The Burden of Non-Communicable Diseases
FSSAI’s decision to limit TFA content comes during a time where non-communicable diseases (NCDs) are increasing. Consumption of trans fats is a significant risk factor for cardiovascular diseases, which account for the highest number of NCD deaths. Earlier, India had set a TFA limit of 10% in oils and fats in 2011, which was subsequently reduced to 5% in 2015.
Understanding Trans Fatty Acids
Trans fatty acids (TFAs), or trans fats, are considered the most harmful type of fats due to their multitude of adverse effects on human health. While some TFAs occur naturally, most are produced artificially. Artificial TFAs are created when hydrogen is made to react with oil to produce fats which resemble pure ghee or butter.
Usage and Harmful Effects of TFAs
TFA containing oils are commonly used due to their longer shelf life, ability to impart desired shape and texture to food, and cost effectiveness. However, TFAs pose a higher risk of heart disease than saturated fats. They not only raise total cholesterol levels but also reduce the good cholesterol (HDL), contributing to heart disease. They’re also associated with a higher risk of developing obesity, type 2 diabetes, metabolic syndrome, insulin resistance, infertility, certain types of cancers, and can harm fetal development.
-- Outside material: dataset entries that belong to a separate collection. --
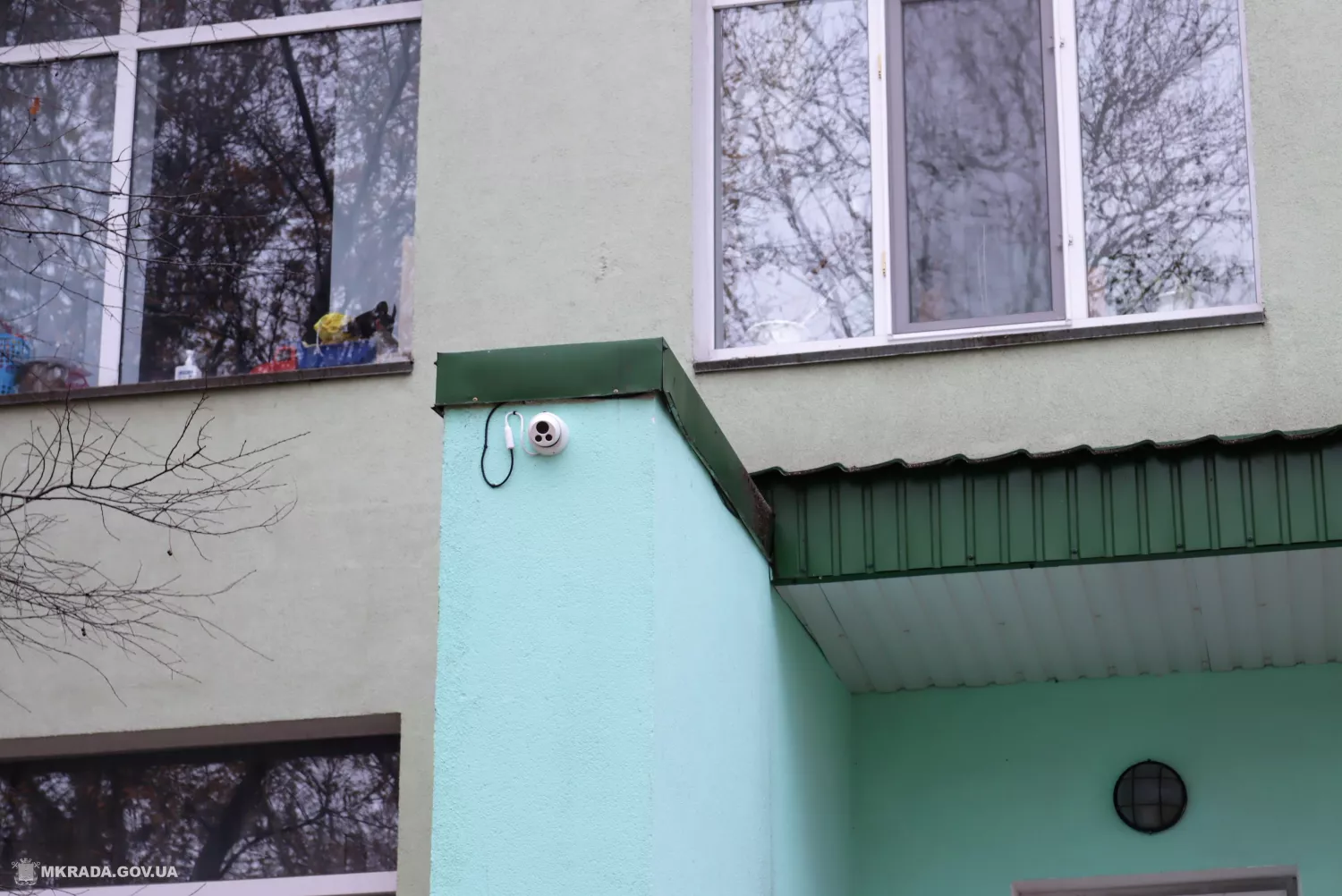 Камери в закладах освіти Миколаєва. Фото: Миколаївська міська рада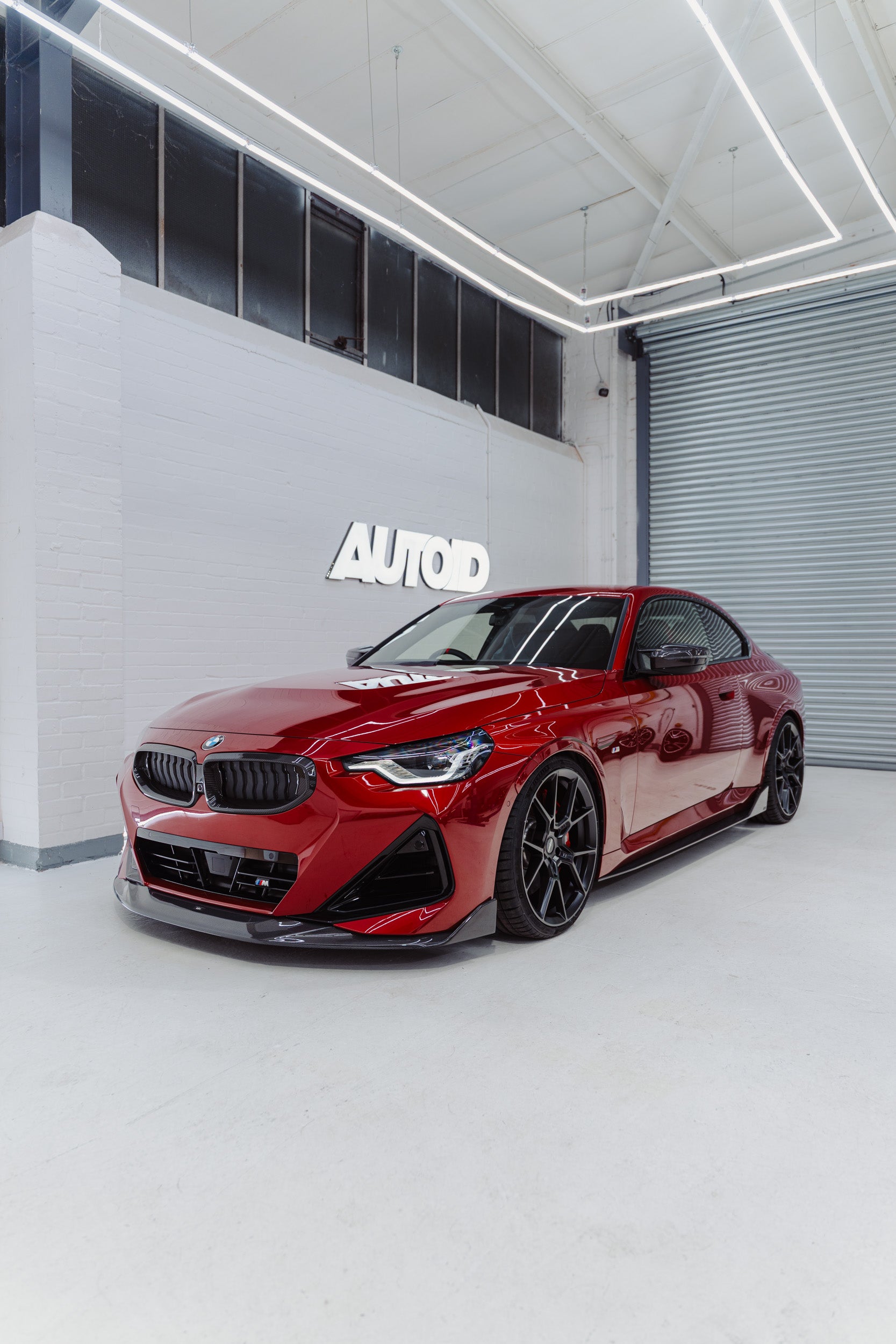 TRE BMW 2 Series & M240i G42 Pre-preg Carbon Fibre Front Grille by TRE (2021+)  Front Grille  AUTOID®  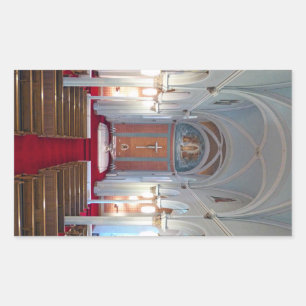 Adesivo Retangular Rua Joseph Chapel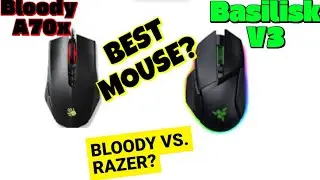 Bloody A70x VS. Razer Basilisk V3 | Whats The best fit For YOU?
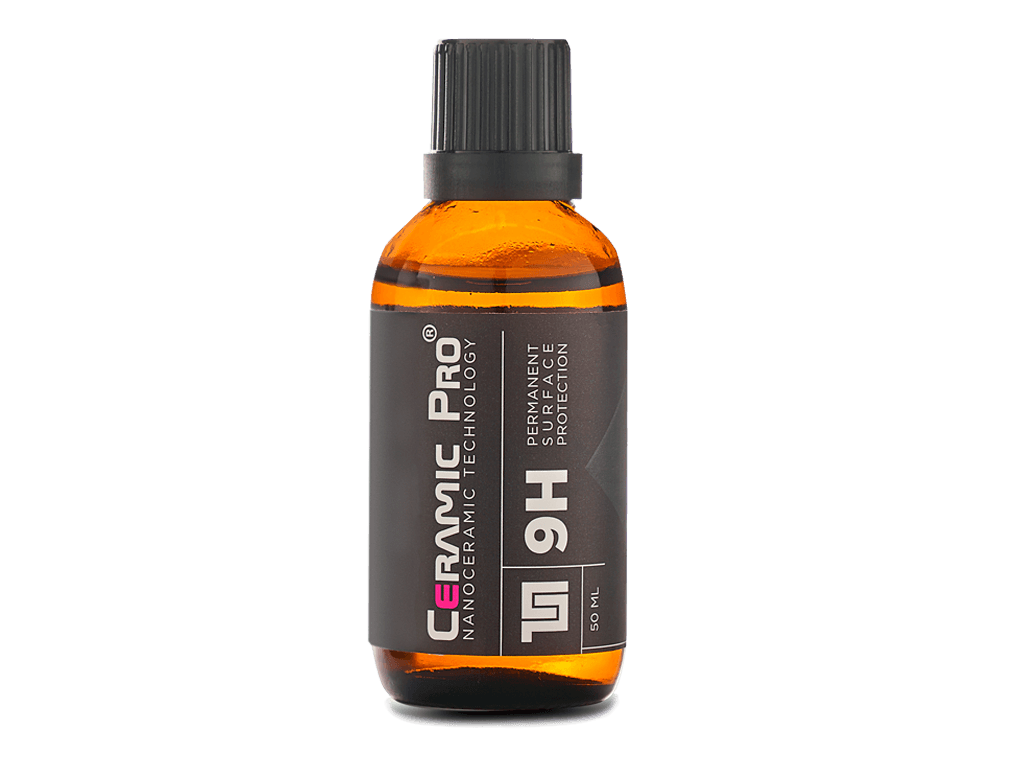 Selo de dureza 9H Ceramic Pro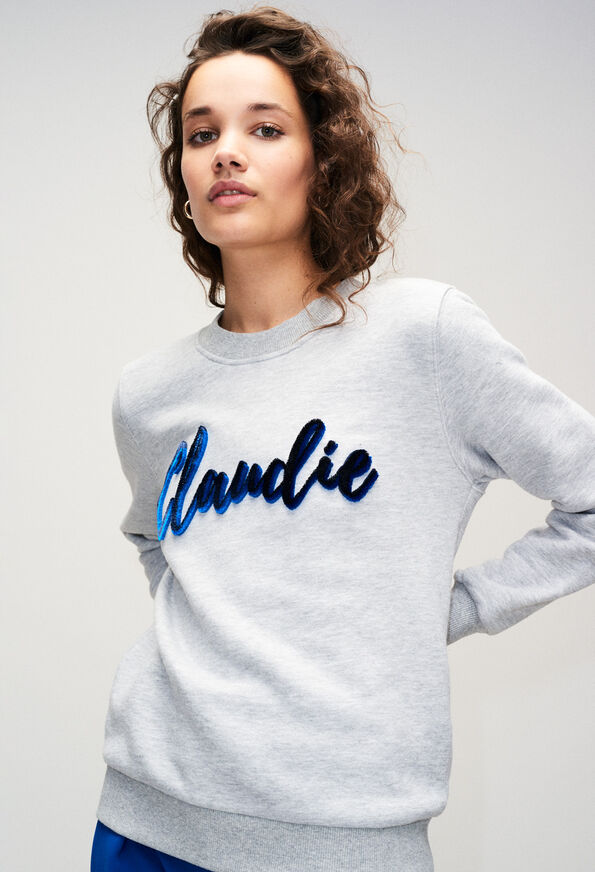 TOMYBISH19 TOMYBISH19 : Strick & Sweatshirts farbe GRIS MELANGE
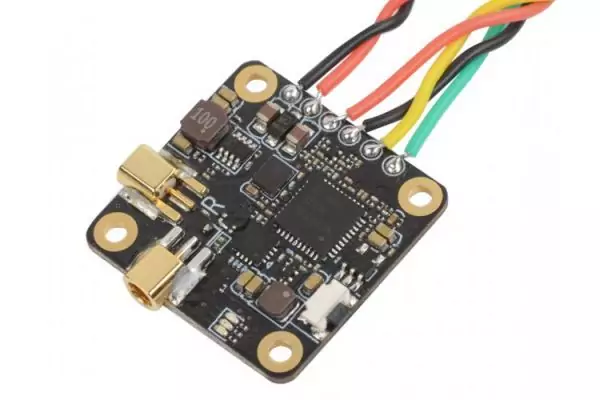 Відеопередавач AKK New Era 5.8GHz Diversity 25-400mW 20x20мм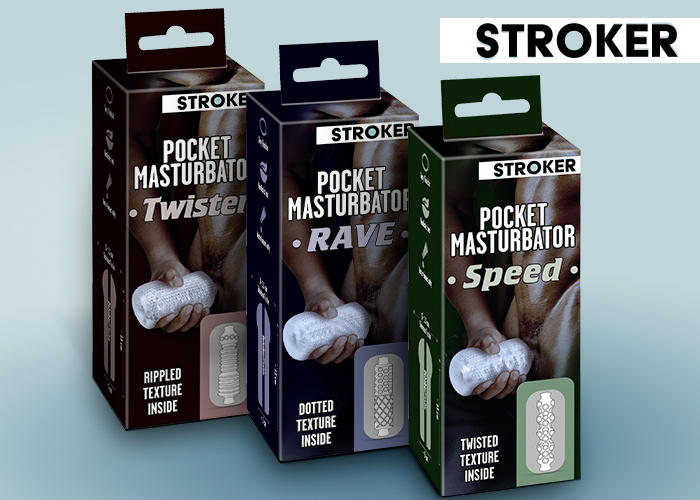 Pocket Masturbators “Stroker” from You2Toys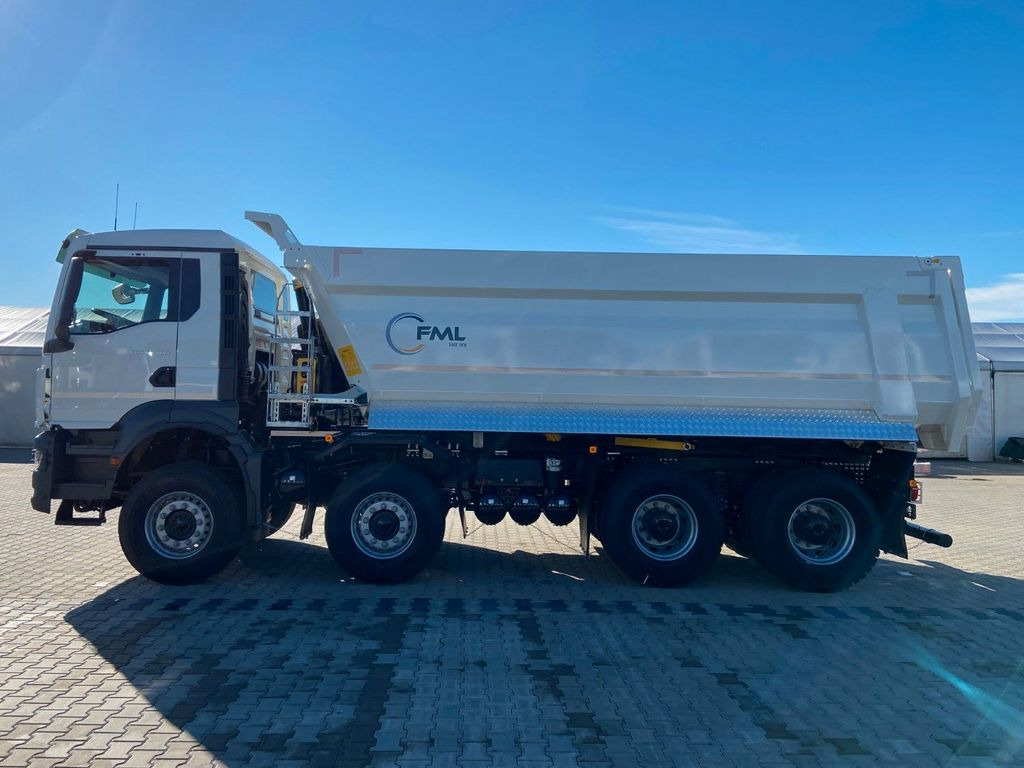 MAN TGS 44.400 8x4 EURO2 FML KIPPER 20M3 - Tipper: picture 4 MAN TGS 44.400 8x4 EURO2 FML KIPPER 20M3 - Tipper: picture 4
National and Global Efforts to Reduce TFA Intake
In attempts to reduce TFA intake, FSSAI launched a “Trans Fat Free” logo for voluntary labelling to promote TFA-free products. An accompanying mass media campaign, “Heart Attack Rewind,” aims to eliminate industrially produced trans fat in the food supply by the year 2022. Edible oil industries have pledged to reduce levels of salt, sugar, saturated fat, and trans fat content by 2% by 2022. A Pan-India cyclothon, Swasth Bharat Yatra, under the “Eat Right” campaign was initiated to engage citizens on issues of food safety, combating food adulteration, and promoting healthy diets. On a global level, WHO launched a REPLACE campaign in 2018 with the goal of eliminating trans-fats in industrially produced edible oils by 2023.